> Required action
Starting with the line that has "Giải mục 2 trang" and finishing with the line that has "Squid vs. Beef, loin, top", set down each line below exactly. Pictures are not copied.

*** Source material Section Begins ***

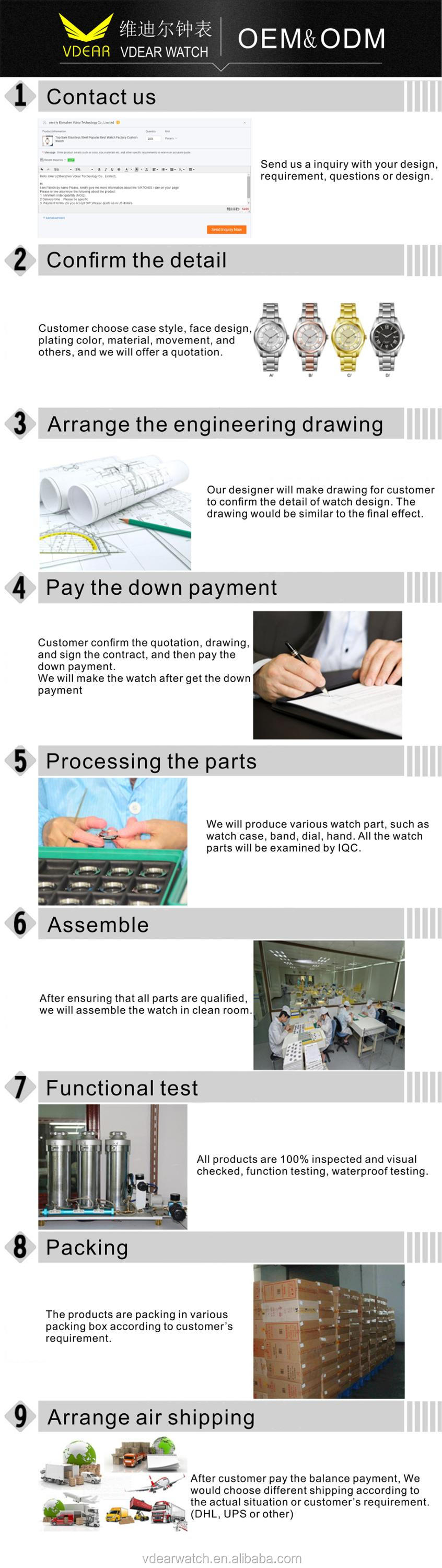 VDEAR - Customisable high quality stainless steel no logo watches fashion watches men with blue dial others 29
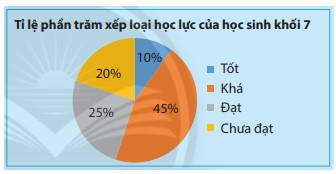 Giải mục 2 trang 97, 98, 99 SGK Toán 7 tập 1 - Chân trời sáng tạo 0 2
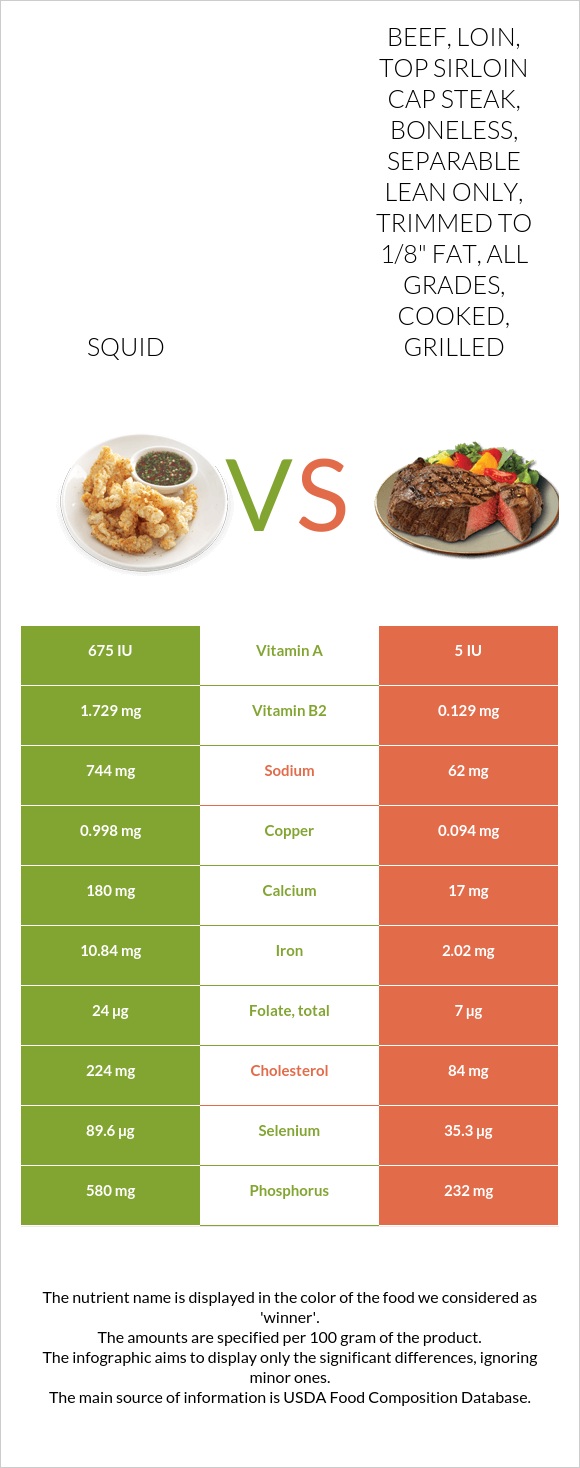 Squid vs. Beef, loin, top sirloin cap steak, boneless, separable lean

*** Source material Section Ends ***
*** Source material Section Begins ***

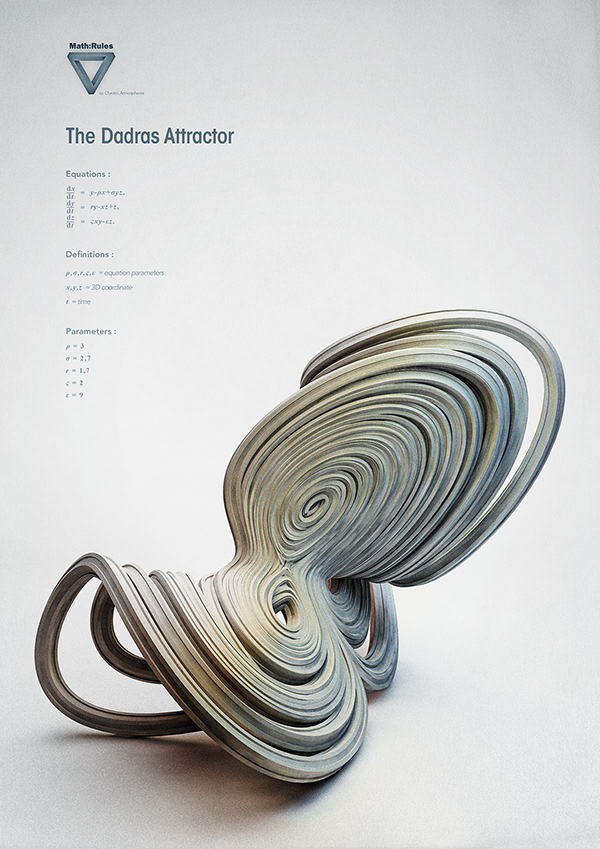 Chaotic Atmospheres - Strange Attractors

*** Source material Section Ends ***

> Finished task
 Giải mục 2 trang 97, 98, 99 SGK Toán 7 tập 1 - Chân trời sáng tạo 0 2
 Squid vs. Beef, loin, top sirloin cap steak, boneless, separable lean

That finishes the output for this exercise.